The developmentally disabled are persons who are severely affected by mental retardation, epilepsy, cerebral palsy, autism and other related conditions.

The state law that created services for them established a series of nonprofit regional centers to disburse the state aid. The center here in Orange is one of 21 in the state; all are closing either this week or next because of no state funds.

Advertisement

The state money pipeline dried up July 1, when the Legislature and Gov. Pete Wilson failed to agree on a new budget. That stalemate continued Friday.

“I’ve been in this field (of work) about 19 years, and I’ve never seen anything like this,” said Tate. “This is very disturbing. Some of our clients’ health and safety is going to be jeopardized.”

Elaine Bamberg, chief executive officer for the center, said: “We’ve tried to arrange for emergency backup systems. We’ve worked with our local provider groups to help find someone a home (if a disabled person is evicted), but there is always the potential that someone will fall through the cracks if we’re not here to help.

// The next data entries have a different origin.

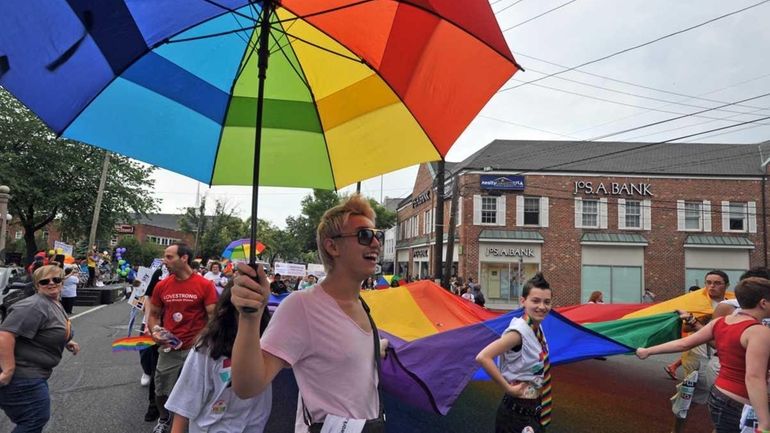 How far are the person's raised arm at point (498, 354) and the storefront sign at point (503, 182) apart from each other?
26150 millimetres

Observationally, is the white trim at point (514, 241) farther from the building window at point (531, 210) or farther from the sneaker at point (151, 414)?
the sneaker at point (151, 414)

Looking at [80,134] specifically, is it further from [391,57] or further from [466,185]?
[466,185]

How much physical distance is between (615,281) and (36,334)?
29.8 meters

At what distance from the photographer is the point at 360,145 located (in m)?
3.35

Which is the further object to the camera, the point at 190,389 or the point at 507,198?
the point at 507,198

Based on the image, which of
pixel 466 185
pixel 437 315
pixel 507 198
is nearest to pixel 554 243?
pixel 507 198

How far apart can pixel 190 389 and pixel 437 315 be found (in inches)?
157

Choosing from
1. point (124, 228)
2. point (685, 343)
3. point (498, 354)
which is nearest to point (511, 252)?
point (124, 228)

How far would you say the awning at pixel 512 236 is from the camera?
28.3 meters

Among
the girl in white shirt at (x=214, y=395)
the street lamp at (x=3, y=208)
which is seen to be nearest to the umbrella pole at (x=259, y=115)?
the girl in white shirt at (x=214, y=395)

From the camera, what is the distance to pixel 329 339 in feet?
6.01

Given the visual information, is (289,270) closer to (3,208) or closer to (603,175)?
(3,208)

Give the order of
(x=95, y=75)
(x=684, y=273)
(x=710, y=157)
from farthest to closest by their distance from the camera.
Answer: (x=710, y=157) < (x=684, y=273) < (x=95, y=75)

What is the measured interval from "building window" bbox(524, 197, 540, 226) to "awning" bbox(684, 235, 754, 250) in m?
8.68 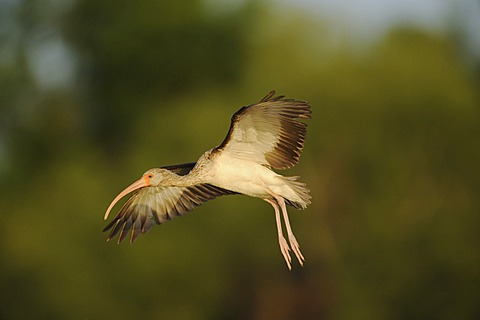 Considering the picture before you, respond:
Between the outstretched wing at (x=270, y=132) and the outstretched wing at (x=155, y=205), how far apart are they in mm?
1647

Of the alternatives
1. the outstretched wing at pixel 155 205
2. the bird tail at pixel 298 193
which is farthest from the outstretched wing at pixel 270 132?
the outstretched wing at pixel 155 205

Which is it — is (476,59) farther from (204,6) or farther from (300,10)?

“We get over 1,500 phone calls a day requesting information and assistance. Some are emergencies. Now there will be no one to answer those calls,” she added.

Davida Gregory, co-owner of an Irvine private care home where four disabled young women live, said she is worried about the closure of the center and the halt of state money to pay her. But Gregory said she and her husband will do everything they can to keep providing for the women, whose ages range from 17 to 22.

“We feel we have a moral and ethical duty to these kids,” she said. But she noted that she and her husband are now facing bills for food and clothing for their tenants without any state payments. “This is very hard on small operators like us,” she said.